Le cas stratégique du projet Grand Tortue Ahmeyim (GTA)

S’agissant du méga‑projet gazier Grand Tortue Ahmeyim (GTA), partagé avec la Mauritanie, le Premier ministre a indiqué que les renégociations de contrats sont en phase avancée.

L’objectif affiché est de revoir la clé de répartition des bénéfices et les clauses de commercialisation du gaz pour mieux répondre aux besoins du marché domestique.

Les autorités évoquent un gain potentiel cumulé de l’ordre de 1 900 milliards FCFA pour les finances publiques à l’issue de cette remise à plat des principaux contrats énergétiques.

Cette manne attendue doit contribuer à financer des priorités nationales, notamment dans les secteurs sociaux, les infrastructures et la transition énergétique.

Une revue générale des contrats extractifs

Au‑delà des hydrocarbures, la démarche du gouvernement englobe l’ensemble des secteurs extractifs : mines, phosphates, cimenteries, etc. Un comité interministériel a dressé un premier bilan de la renégociation des contrats et conventions, mettant en lumière d’importants manques à gagner pour l’État sur plusieurs décennies.

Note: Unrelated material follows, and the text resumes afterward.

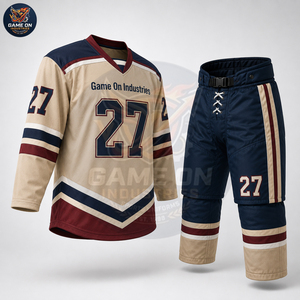 Team Sportswear Breathable Sublimation Performance Wear Personalized Number Design Vintage Style Custom Ice Hockey Uniform Set - Product Image 3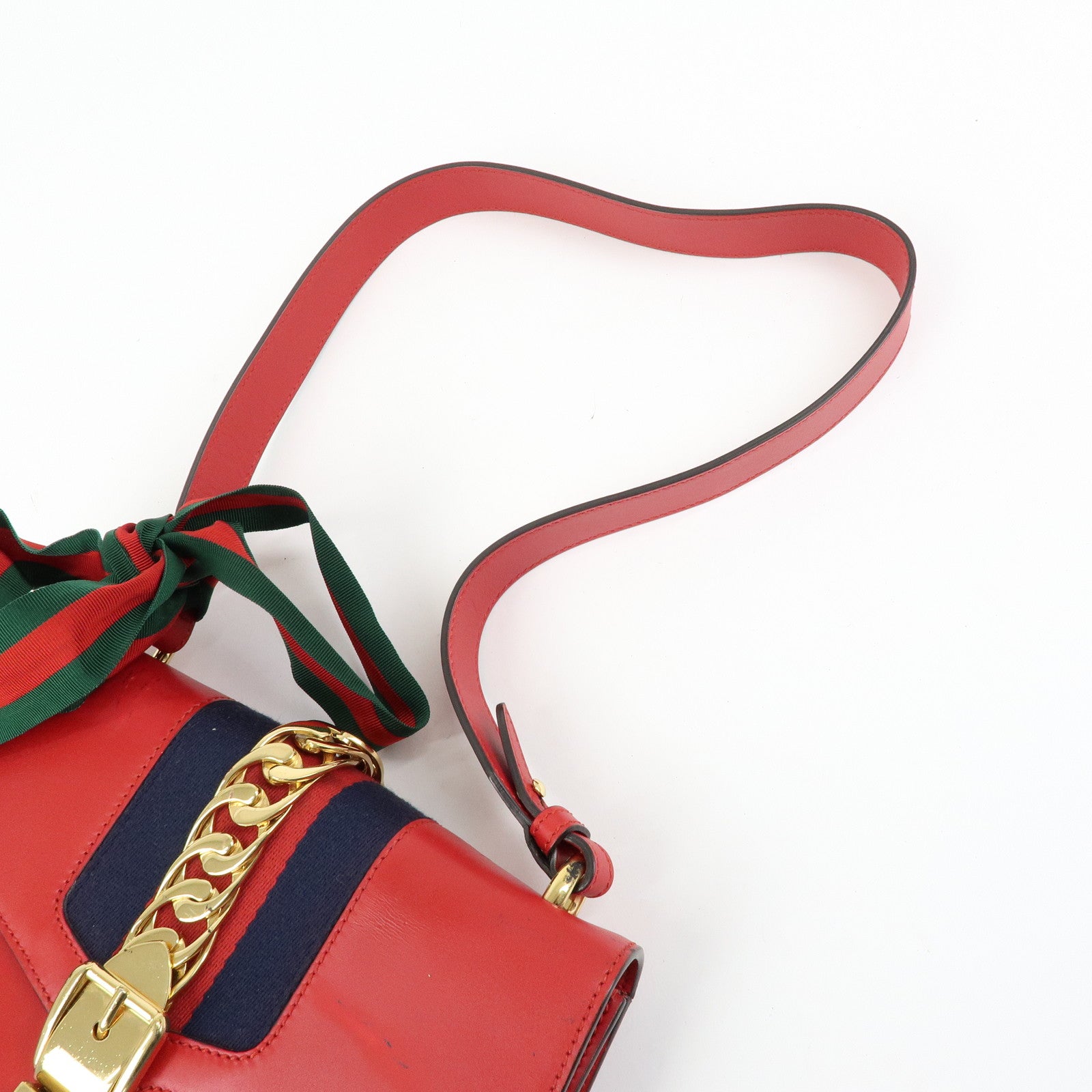 GUCCI Sylvie Sherry Leather Shoulder Bag Red Ribbon Red 421882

Selon la presse locale, certaines estimations évoquent plus de 1 000 milliards FCFA de pertes potentielles liées à des accords jugés défavorables ou mal négociés dans le passé.

Dans le secteur minier, par exemple, l’État a déjà annoncé qu’il ne renouvellera pas certaines concessions et qu’il renégociera les régimes fiscaux et parafiscaux applicables.

Souveraineté économique et nouveaux standards contractuels

Pour le gouvernement, cette offensive contractuelle répond à une logique de souveraineté économique. Il s’agit de redimensionner les blocs (jugés trop vastes par rapport aux standards internationaux), de renégocier les parts de l’État, d’ajuster les clauses fiscales, mais aussi de renforcer les obligations d’investissement et de contenu local imposées aux compagnies.

La nouvelle doctrine vise à garantir que chaque ressource naturelle exploitée génère une part plus importante de valeur ajoutée pour le pays, à travers les recettes publiques, l’emploi local, la sous‑traitance nationale et le transfert de compétences.

Le gouvernement promet également davantage de transparence et un contrôle parlementaire renforcé sur les contrats d’hydrocarbures et de mines.

Quels enjeux pour les compagnies et pour l’économie sénégalaise ?

Pour les compagnies pétrolières et gazières, cette vague de résiliations et de renégociations accroît l’incertitude à court terme. Certaines pourraient revoir leur stratégie d’investissement ou renégocier à la hausse leurs exigences de rentabilité afin de compenser un partage de revenus plus favorable à l’État.

Pour le Sénégal, le pari est double : capter davantage de rente tout en restant suffisamment attractif pour les investisseurs, dans un contexte de concurrence entre pays producteurs.

Si la manœuvre est bien calibrée, la révision des contrats pourrait constituer un levier puissant pour financer le développement et réussir l’entrée du pays dans le club des producteurs d’hydrocarbures sans retomber dans la « malédiction des ressources ».